Age of Ascent
An epic space game on Microsoft Azure
By: John Donnelly, Anko Duizer, David Gristwood, and Neil Kidd
HTML5 | WebGL | Azure
Age of Ascent from Illyriad Games is a massively multiplayer online (MMO) epic space game, powered by Microsoft Azure. An important and distinctive aspect of the game, which sets it apart from others of its genre, is its ability to have tens of thousands of players in a single world, engaged in epic battles and exploration. This has been made possible by designing the game from the ground up allowing it to run across hundreds of computers, yet create a single, fluid, cohesive universe. Age of Ascent will usher in a new era of ultra-MMOs.
While this scale of battle may not happen every day, it is a fundamental proposition of the game that it can and will occur. The underlying engine that powers it needs to be able to deliver this degree of massive scale, as and when needed, without any advance notice from the game community.
The ability to deliver this scale will be built into the final version of the game, currently under development. The space combat gameplay described here represents an important part of the game that will be released in 2015, but it's only one part.
This article describes the game’s architecture, the journey through its early development, and some of the design decisions that were made along the way to help support these goals.
More details of Age of Ascent can be found at https://www.ageofascent.com.
MMO games, such as EVE Online and World of Warcraft, allow game designers the freedom to create immersive and exciting worlds, from historical and mythical backdrops to vast unexplored galaxies and planets. In such online MMO worlds, users can explore, battle, undertake missions, create teams and clans, and define their own destinies and adventures.
Creating such large and open worlds is difficult, and so games designers put in place game mechanisms to limit the openness of the worlds they create. Typically these either constrain the number of users in an area, or reduce the ability to roam and explore freely. In some cases time needs to be slowed down to prevent the system from overloading.
Often these are driven by hardware constraints, particularly the processing power of an individual machine. The classic approach has been to find ever bigger and more powerful machines, a strategy that only works up to a certain point — there is always an upper limit. It’s also not a cost-effective model, as larger machines have more complex subsystems and are correspondingly more expensive.
Creating a game that can scale out across hundreds or thousands of machines is the only way to break these constraints, but it comes at the cost of a potentially more complex design with more moving parts. A game of this scope requires a mechanism to distribute the world across these machines, combined with a communications system to manage the messages that need to flow quickly and seamlessly between them.
And it all needs to be presented to users as a single, contiguous world.
The Microsoft Azure public cloud provided Illyriad with an economically viable means to create such a world. It has the ability to stand up and tear down hardware on demand, in real time, in response to the number of users in a game and to do so at a very low cost.
Age of Ascent is the first in a new generation of MMO games that break through these barriers, and create truly open worlds on a scale never before seen.
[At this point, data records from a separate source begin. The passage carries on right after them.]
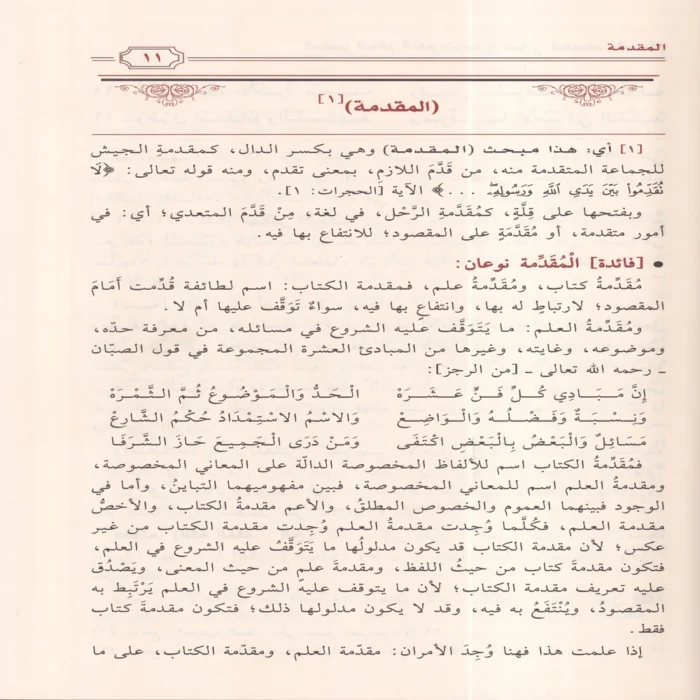 الكوكب الساطع نظم جمع الجوامع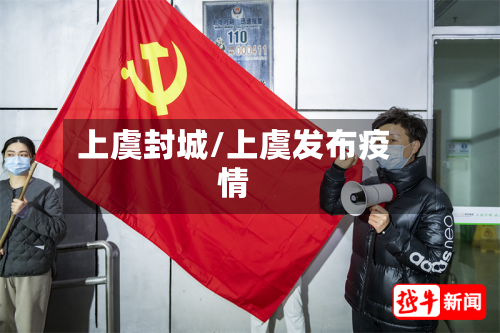 上虞封城/上虞发布疫情-第2张图片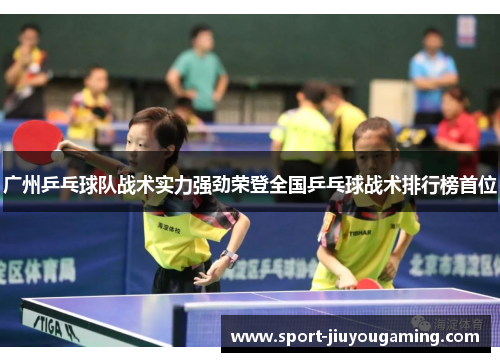 广州乒乓球队战术实力强劲荣登全国乒乓球战术排行榜首位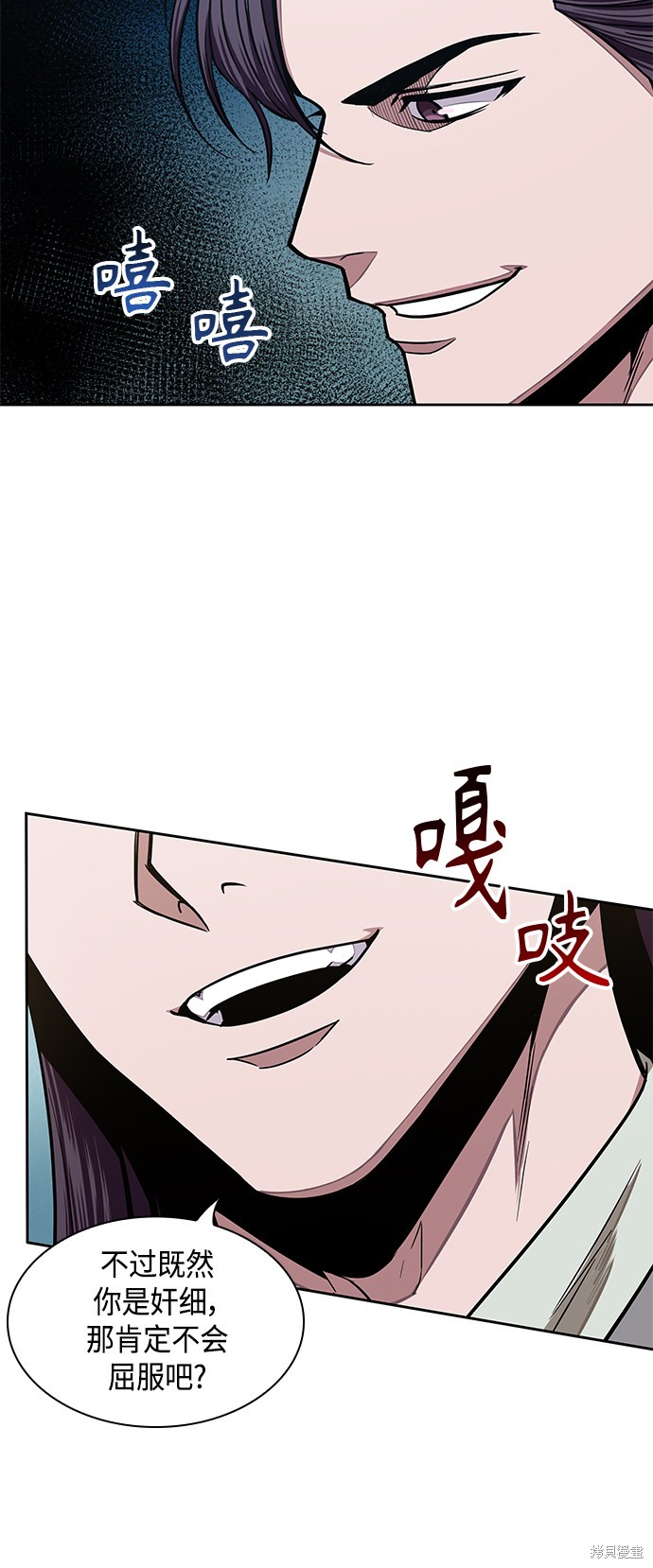 第98话53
We'll look at some of the key design and developed aspects of the game, and how it was built from the ground up, by a small development team, to run on Microsoft Azure.
Using Microsoft Azure is a huge win for us and our players.
Illyriad Games evaluated a number of hosting options and felt Azure was a perfect fit for Age of Ascent. They designed the game from the outset to fully exploit the platform. One of the key factors that influenced its decision was the Microsoft Azure platform as a service offering that automates many of the aspects of the developer operations process, enabling small teams to deliver big ideas, quickly and easily. Platform as a service solutions are usually faster to develop because there is less work for developers, so they can move from idea to working system more quickly. There is less administration and management work, so lower ongoing support costs. And there is less risk, as the platform does more for you, so there are fewer opportunities for error and creating and running applications becomes more reliable.
As Ben Adam, CTO at Illyriad, notes, “Microsoft Azure’s always patched, immediately deployed platform as a service, its on-demand scaling and its per-minute billing mean we pay only for what we need and have no speculative costs. At Illyriad, time not spent on server administration is directly added to game development, so using Microsoft Azure is a huge win for us, and our players.”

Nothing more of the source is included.